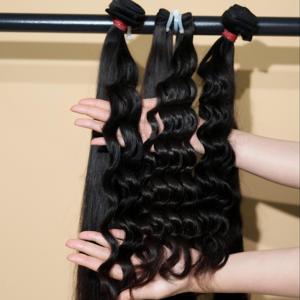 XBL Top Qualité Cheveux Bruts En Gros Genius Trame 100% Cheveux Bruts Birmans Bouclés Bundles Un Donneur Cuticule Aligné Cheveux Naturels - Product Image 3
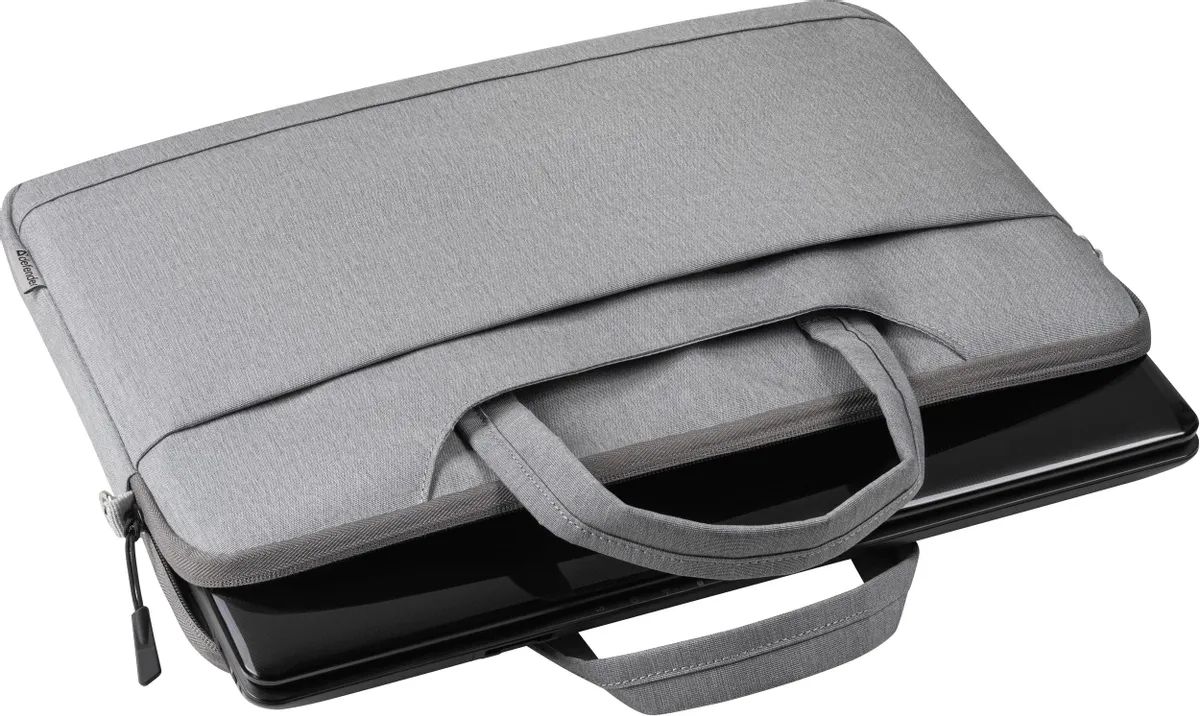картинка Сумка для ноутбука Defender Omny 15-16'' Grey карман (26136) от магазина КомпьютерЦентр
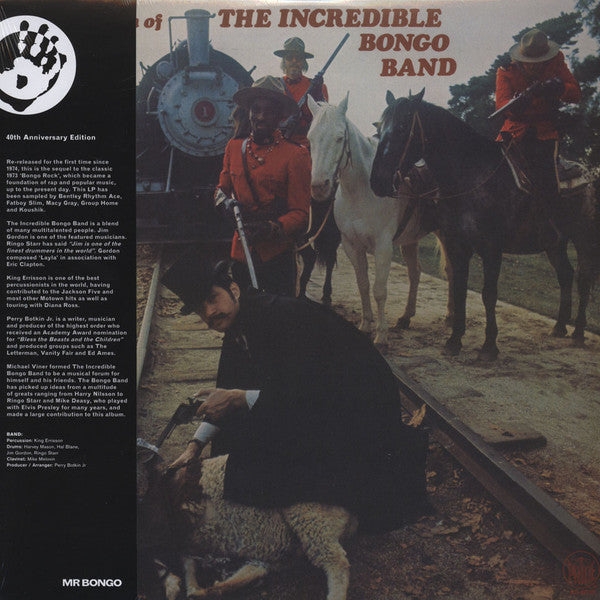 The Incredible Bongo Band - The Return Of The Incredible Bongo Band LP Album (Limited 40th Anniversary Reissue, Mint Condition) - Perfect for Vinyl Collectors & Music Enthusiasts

* * *

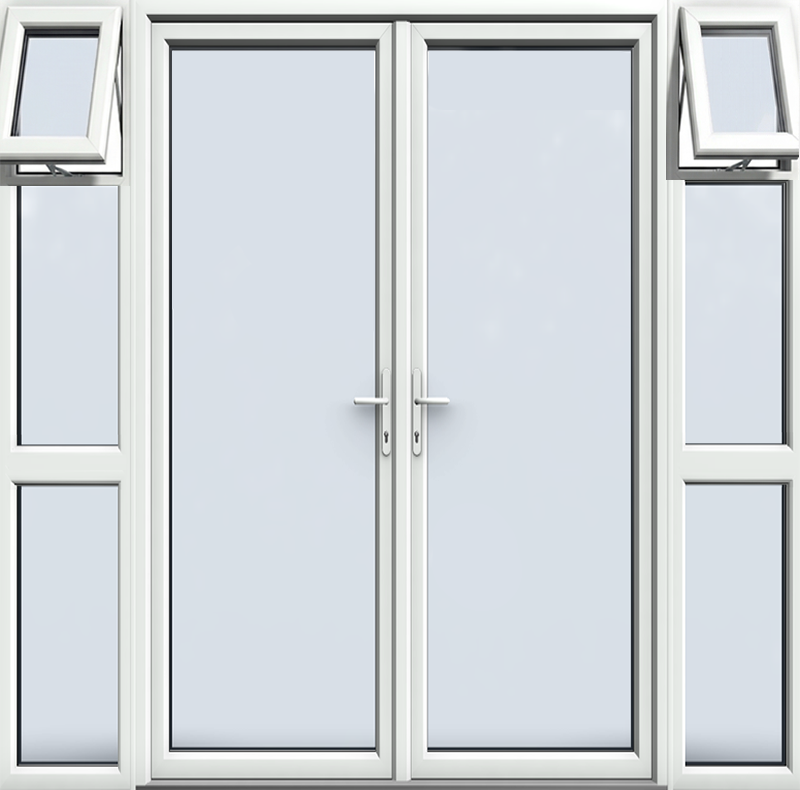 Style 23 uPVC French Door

* * *

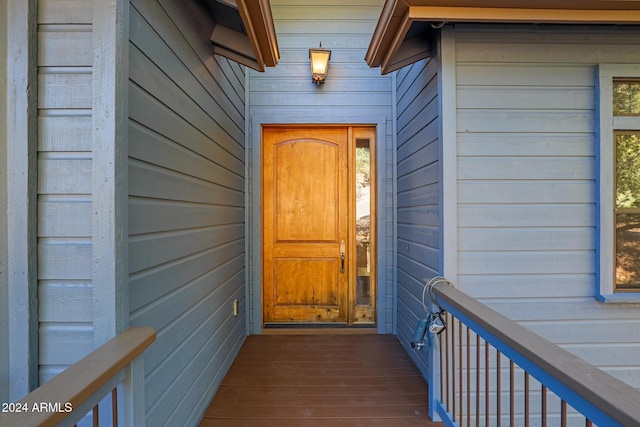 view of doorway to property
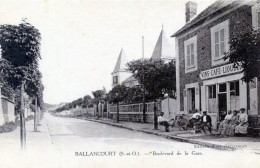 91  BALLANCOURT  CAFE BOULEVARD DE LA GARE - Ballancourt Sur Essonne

REQUIRED ACTION | Repeat, without pictures, exactly the lines of the data above from the one containing "view of doorway to property" through the one containing "Ballancourt Sur Essonne", including both and adding nothing.

SOLUTION |
 view of doorway to property
 91  BALLANCOURT  CAFE BOULEVARD DE LA GARE - Ballancourt Sur Essonne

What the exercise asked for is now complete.